### Input data

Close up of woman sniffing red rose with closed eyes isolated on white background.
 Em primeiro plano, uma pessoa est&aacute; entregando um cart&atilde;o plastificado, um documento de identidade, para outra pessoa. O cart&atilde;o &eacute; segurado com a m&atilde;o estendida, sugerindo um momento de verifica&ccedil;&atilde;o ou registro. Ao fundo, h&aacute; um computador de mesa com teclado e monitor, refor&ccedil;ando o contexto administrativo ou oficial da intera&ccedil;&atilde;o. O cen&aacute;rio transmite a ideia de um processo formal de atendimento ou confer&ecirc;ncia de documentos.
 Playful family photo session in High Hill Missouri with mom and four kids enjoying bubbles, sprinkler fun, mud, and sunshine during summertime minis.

######

(What this task involves): Copy every single line of the material above that holds "with".

(Answer box):
Close up of woman sniffing red rose with closed eyes isolated on white background.
 Playful family photo session in High Hill Missouri with mom and four kids enjoying bubbles, sprinkler fun, mud, and sunshine during summertime minis.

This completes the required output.